Brig. Gen. Charles Cleveland also told reporters via video from Kabul on Friday that U.S. officials are still investigating the deaths of two Americans in what was described as an insider attack by a man in an Afghan army uniform at Camp Morehead.
The Defense Department said Sgt. Douglas J. Riney, 26, of Fairview, Ill., and Michael G. Sauro, 40, of McAlester, Okla., an Army civilian employee, were killed this week in Kabul after "encountering hostile enemy forces."
Cleveland said an American team of advisers was sent out "to conduct essentially an inspection of any ammunition supply point."
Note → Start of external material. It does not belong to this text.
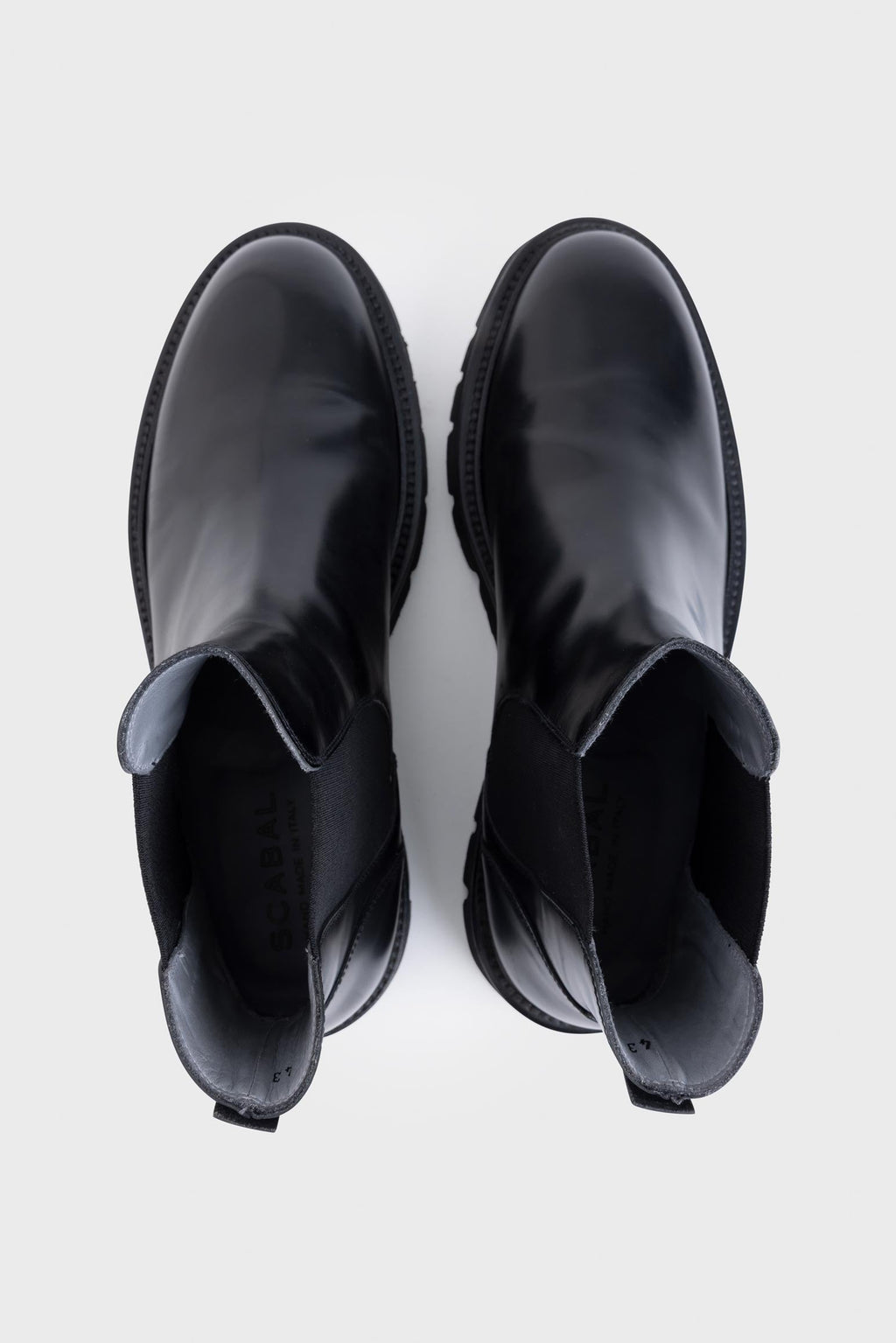 Black Glazed Calfskin Chelsea Boots — detail 1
"And this is not an uncommon event; it's part of our work with the ministries here, because obviously trying to help the Afghans learn how to do this is really part of building an institution, and so again this is not an everyday occurrence. But it is also not uncommon occurrence," he said.
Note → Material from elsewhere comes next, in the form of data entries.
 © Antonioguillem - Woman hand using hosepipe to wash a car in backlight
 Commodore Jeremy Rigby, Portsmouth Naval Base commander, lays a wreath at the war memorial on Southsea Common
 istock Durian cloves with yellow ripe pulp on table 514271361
"The actual ASP was just on the edge of an Afghan base, so the team drove up, they walked to the entry control... and it was some point there where the incident happened, where they received fire. The incident was over relatively soon, and as we've described, the shooter was found dead. He was wearing an Afghan uniform. Obviously the investigation is seeking to confirm whether or not this qualifies officially as an insider attack, or a 'green on blue,' because we do not yet have the identity of the shooter, and that's something that will come about with the investigation."
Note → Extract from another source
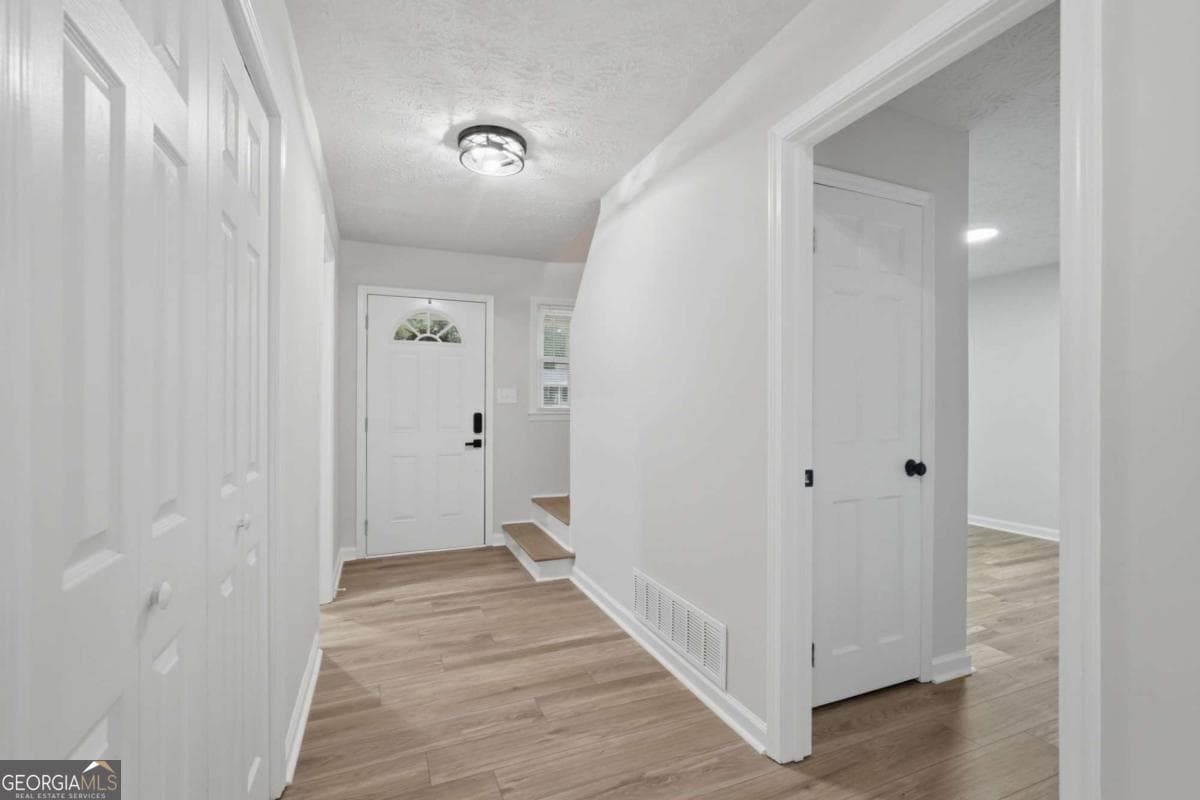 5 bedroom, 3 bathroom, 1,912 sq ft single family residence for sale at 5139 Merry Lane, Gainesville, GA 30504 — photo 8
The Taliban did not explicitly claim responsibility for the attack, but promoted and lauded it. "May Allah accept him as martyr!" they said in a short report on the incident on their website.
The Obama administration has refused to call the Taliban terrorists and has strongly advocated a peace deal with the group even as they continue to wage attacks.
"The goal for the government of Afghanistan is to ultimately come to a negotiated solution with the Taliban," Cleveland said. "So our expectation, and we said this before, is it there is really not a military solution to what is happening here in Afghanistan."
On the Taliban's aim to take a provincial capital, the general noted their stabs at Lashkar Gah and Kunduz. "The last few weeks have certainly reinforced to us ...this is a tough fight and we do have a ways to go."
He said a big reason the Taliban attacked Kunduz at the beginning of the month was "it got an awful lot of press coverage" and "helps put additional suffering on the people of Kunduz, and when that happens, that then puts additional pressure on the government."
"We saw the Taliban absolutely destroy parts of the city. They destroyed the power grid, which then resulted in a loss of electricity and water. We saw them go ahead and destroy cell towers, as well as several civilian residences," Cleveland added.
"And the situation was obviously not anything that anybody wanted to see. At the end of the day, the ANDSF did successfully hold the city, and then they subsequently cleared the city. And it did take them a while, but those in the military do know that to try and clear an enemy out of an urban environment and not cause further destruction is a very difficult tactical problem."
Cleveland said the Taliban "control or influence about 10 percent of the Afghan population."
"We believe that the government controls about two-thirds of the population," he said. "And then the balance between the two is really the contested area."